## TASK GOAL
Your answer should hold exactly the lines from the line containing "3000-3014 Commercial Ave, Northbrook, IL" through the end of the entries that follow.

## EXTRACTED DATA
**********

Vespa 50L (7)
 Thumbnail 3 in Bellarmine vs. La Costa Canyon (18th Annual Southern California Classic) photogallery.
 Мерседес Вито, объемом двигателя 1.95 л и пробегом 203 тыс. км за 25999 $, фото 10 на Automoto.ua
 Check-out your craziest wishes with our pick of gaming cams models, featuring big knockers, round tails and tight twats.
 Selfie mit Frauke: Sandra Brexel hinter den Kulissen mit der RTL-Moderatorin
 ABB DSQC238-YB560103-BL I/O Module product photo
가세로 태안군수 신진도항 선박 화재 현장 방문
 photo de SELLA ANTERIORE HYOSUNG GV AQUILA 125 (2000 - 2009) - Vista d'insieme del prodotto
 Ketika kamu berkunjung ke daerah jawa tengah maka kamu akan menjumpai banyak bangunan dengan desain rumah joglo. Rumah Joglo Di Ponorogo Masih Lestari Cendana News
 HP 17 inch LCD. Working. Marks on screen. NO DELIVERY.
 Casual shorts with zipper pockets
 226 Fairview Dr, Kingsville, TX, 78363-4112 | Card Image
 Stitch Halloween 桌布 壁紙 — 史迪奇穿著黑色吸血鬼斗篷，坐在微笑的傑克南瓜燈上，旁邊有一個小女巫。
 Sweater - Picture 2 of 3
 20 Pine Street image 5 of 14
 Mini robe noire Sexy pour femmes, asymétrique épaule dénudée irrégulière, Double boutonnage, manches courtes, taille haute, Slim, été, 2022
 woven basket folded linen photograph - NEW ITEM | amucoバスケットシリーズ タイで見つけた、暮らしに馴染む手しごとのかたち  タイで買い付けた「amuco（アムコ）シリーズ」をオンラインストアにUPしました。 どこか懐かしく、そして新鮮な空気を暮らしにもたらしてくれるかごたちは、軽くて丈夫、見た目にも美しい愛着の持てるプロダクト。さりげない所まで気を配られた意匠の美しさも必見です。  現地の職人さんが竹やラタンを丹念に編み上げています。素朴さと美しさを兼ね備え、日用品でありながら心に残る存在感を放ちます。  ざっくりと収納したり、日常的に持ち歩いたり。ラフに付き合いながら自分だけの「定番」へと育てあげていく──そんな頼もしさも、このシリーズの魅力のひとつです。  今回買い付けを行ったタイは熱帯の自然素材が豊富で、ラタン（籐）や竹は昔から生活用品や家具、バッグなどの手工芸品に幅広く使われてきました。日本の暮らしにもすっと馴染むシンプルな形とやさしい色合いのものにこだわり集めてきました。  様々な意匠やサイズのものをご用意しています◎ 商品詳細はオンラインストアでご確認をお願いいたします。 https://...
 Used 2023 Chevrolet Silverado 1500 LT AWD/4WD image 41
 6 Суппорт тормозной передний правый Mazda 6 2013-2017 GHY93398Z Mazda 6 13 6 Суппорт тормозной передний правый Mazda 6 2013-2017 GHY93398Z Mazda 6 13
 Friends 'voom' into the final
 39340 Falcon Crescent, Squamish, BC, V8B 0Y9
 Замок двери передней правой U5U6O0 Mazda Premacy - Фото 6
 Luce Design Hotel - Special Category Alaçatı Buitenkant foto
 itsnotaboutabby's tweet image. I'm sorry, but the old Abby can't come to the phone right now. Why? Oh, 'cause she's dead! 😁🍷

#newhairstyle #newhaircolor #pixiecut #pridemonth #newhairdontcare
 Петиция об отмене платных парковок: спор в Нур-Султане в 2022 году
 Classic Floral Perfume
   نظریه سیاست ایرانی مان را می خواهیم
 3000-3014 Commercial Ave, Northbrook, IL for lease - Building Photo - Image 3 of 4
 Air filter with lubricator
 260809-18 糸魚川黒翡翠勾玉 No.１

**********

## EXERCISE RESULT
 3000-3014 Commercial Ave, Northbrook, IL for lease - Building Photo - Image 3 of 4
 Air filter with lubricator
 260809-18 糸魚川黒翡翠勾玉 No.１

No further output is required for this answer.